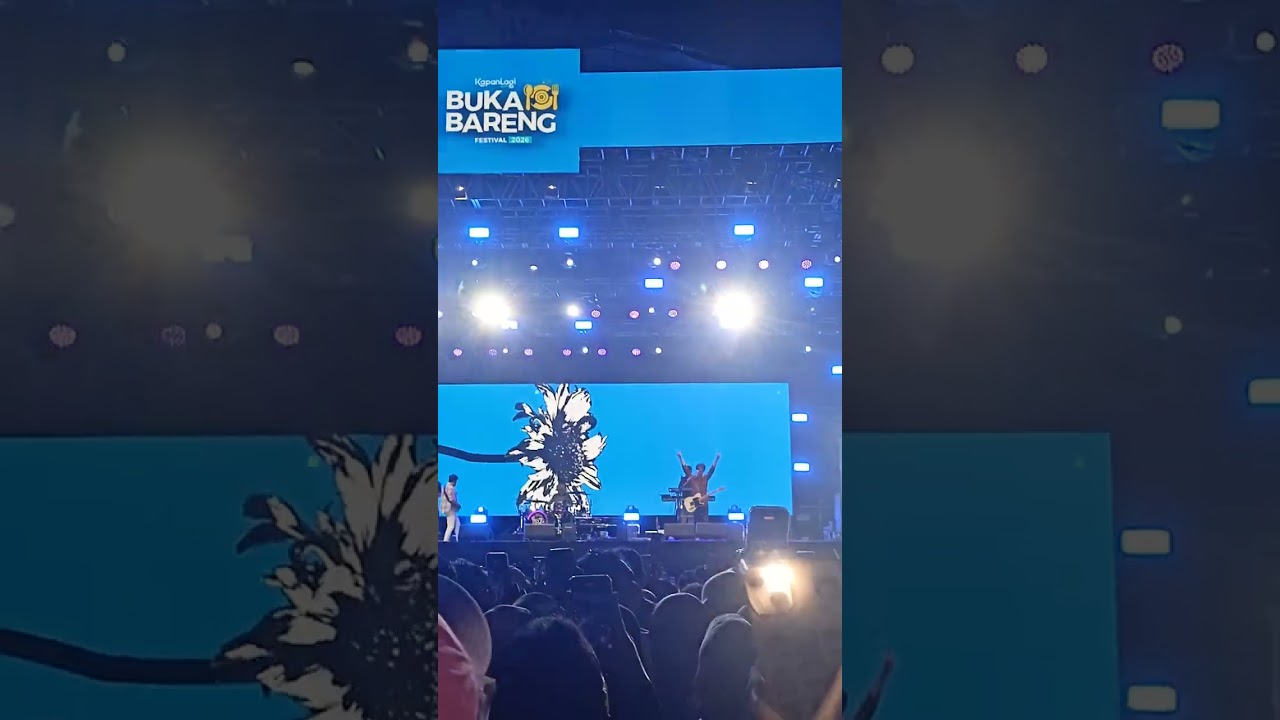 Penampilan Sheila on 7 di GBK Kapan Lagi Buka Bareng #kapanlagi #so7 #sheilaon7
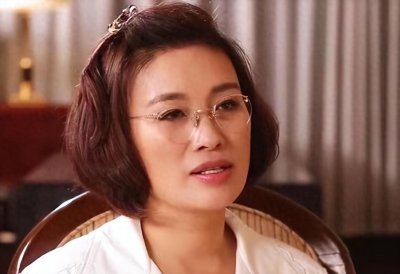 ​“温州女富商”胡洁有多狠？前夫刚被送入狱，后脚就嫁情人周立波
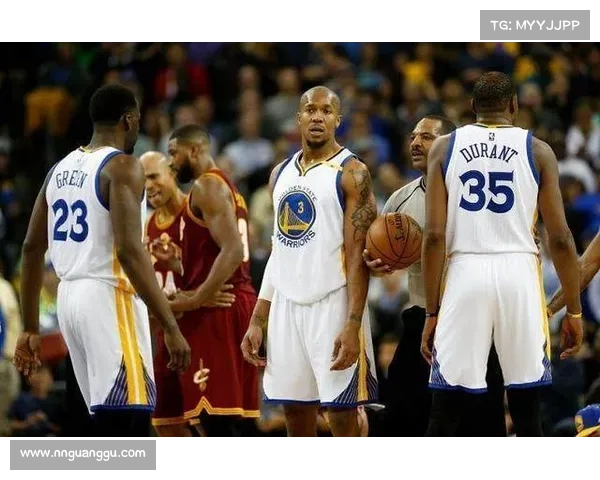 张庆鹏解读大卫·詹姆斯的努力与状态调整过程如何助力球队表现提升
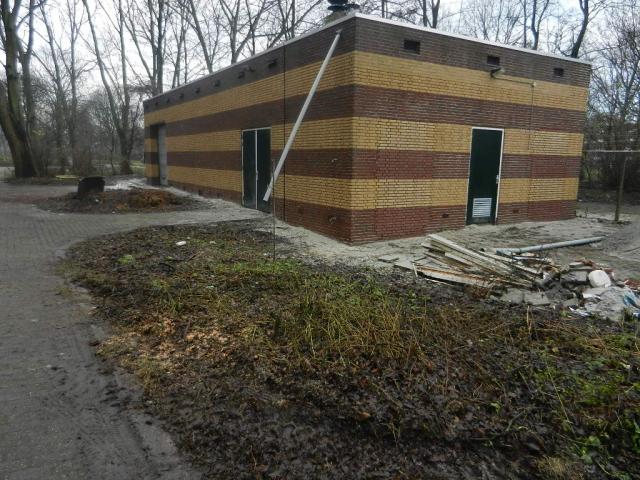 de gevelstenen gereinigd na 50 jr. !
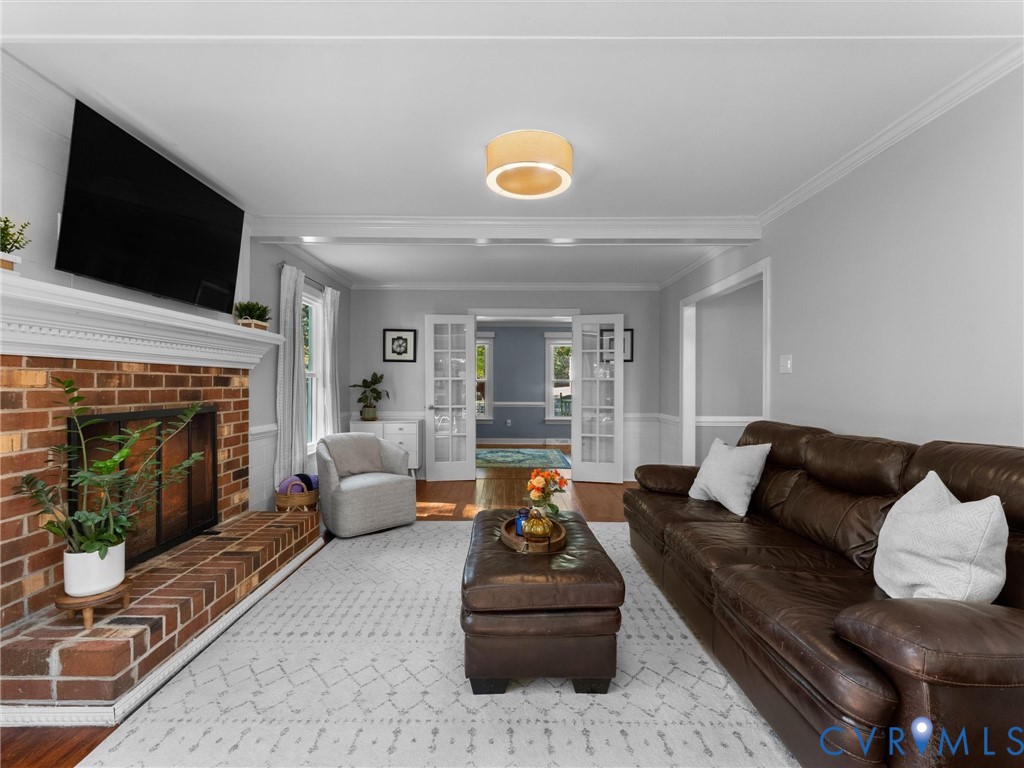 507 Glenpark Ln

================================

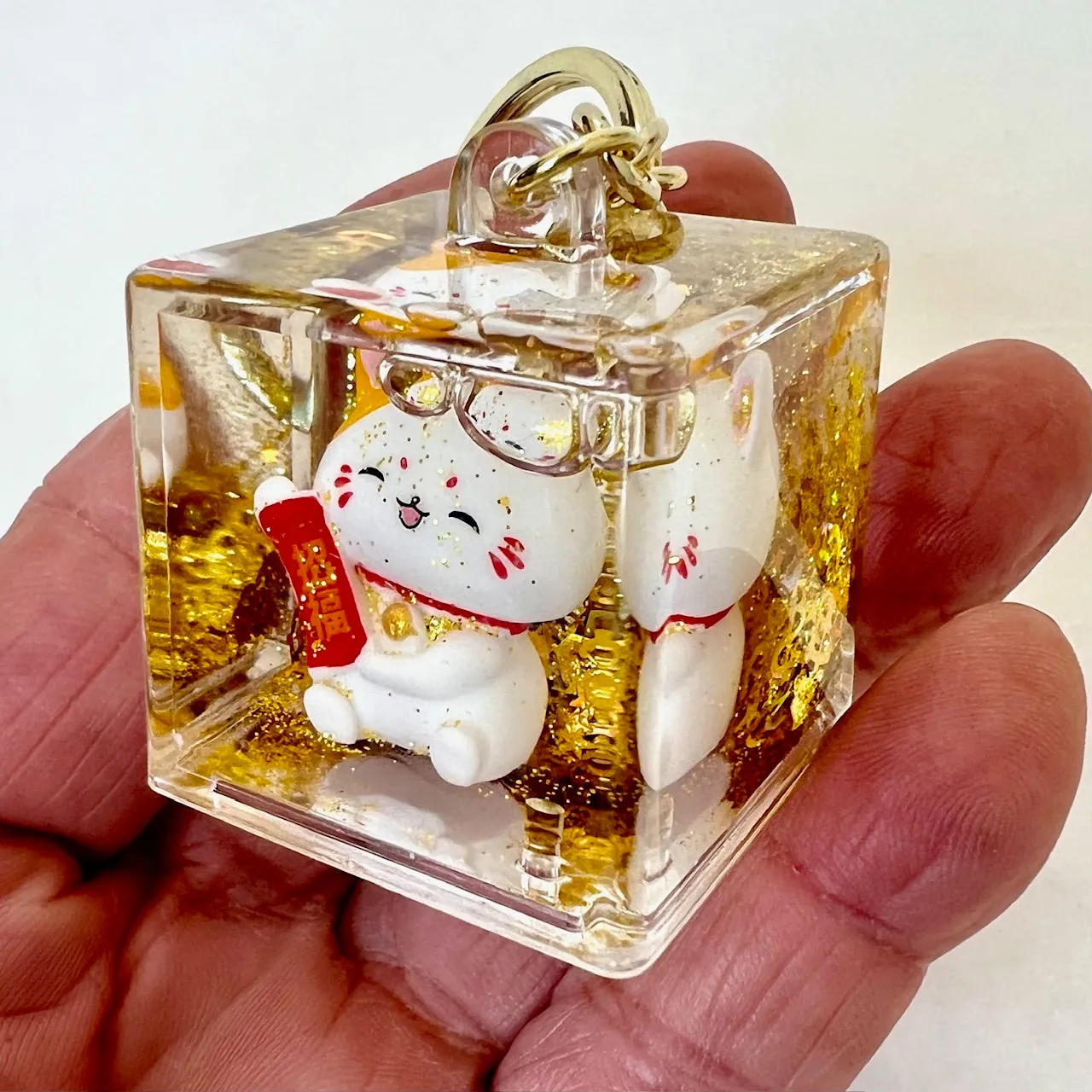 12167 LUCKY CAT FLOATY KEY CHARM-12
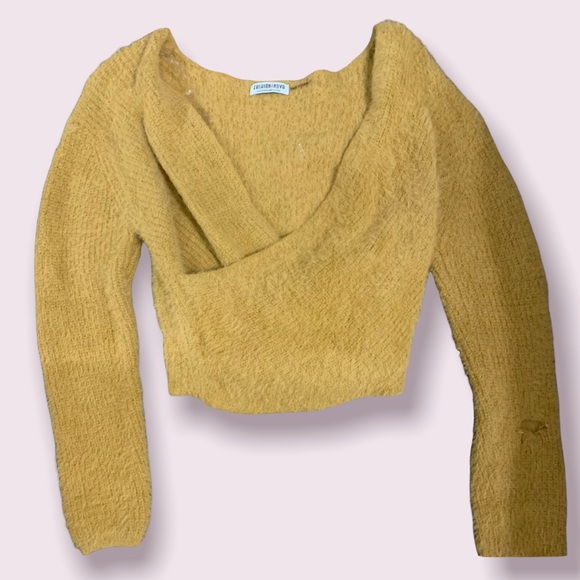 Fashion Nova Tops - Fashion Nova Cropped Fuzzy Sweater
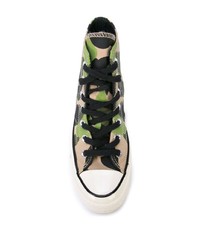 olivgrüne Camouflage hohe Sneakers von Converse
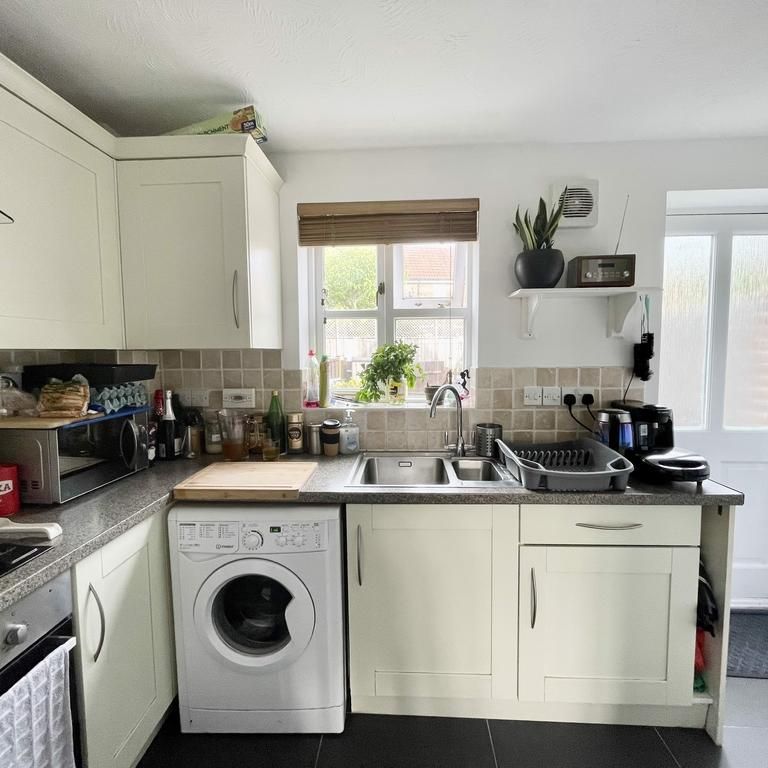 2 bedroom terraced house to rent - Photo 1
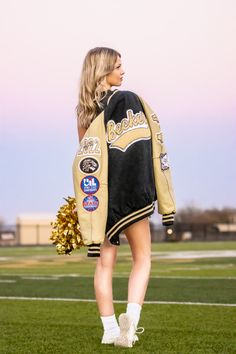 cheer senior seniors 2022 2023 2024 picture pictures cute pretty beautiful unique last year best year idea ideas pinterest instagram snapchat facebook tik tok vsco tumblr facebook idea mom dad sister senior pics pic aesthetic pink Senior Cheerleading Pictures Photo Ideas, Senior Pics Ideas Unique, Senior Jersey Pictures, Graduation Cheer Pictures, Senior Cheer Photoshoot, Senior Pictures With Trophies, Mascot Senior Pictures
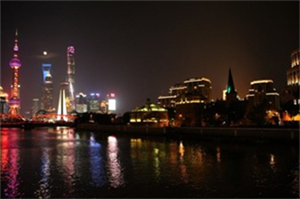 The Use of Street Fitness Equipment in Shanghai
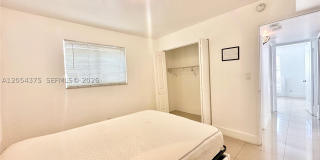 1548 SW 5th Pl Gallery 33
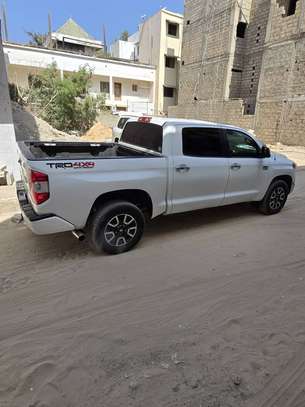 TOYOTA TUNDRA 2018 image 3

================================

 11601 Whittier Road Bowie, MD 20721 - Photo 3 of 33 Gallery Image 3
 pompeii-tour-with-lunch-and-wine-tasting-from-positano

================================

Reproduce the data above exactly, but only from the line containing "Penampilan Sheila on" through the line containing "507 Glenpark Ln"; skip the pictures.

* _Solution to this exercise_:
 Penampilan Sheila on 7 di GBK Kapan Lagi Buka Bareng #kapanlagi #so7 #sheilaon7
 ​“温州女富商”胡洁有多狠？前夫刚被送入狱，后脚就嫁情人周立波
 张庆鹏解读大卫·詹姆斯的努力与状态调整过程如何助力球队表现提升
 de gevelstenen gereinigd na 50 jr. !
 507 Glenpark Ln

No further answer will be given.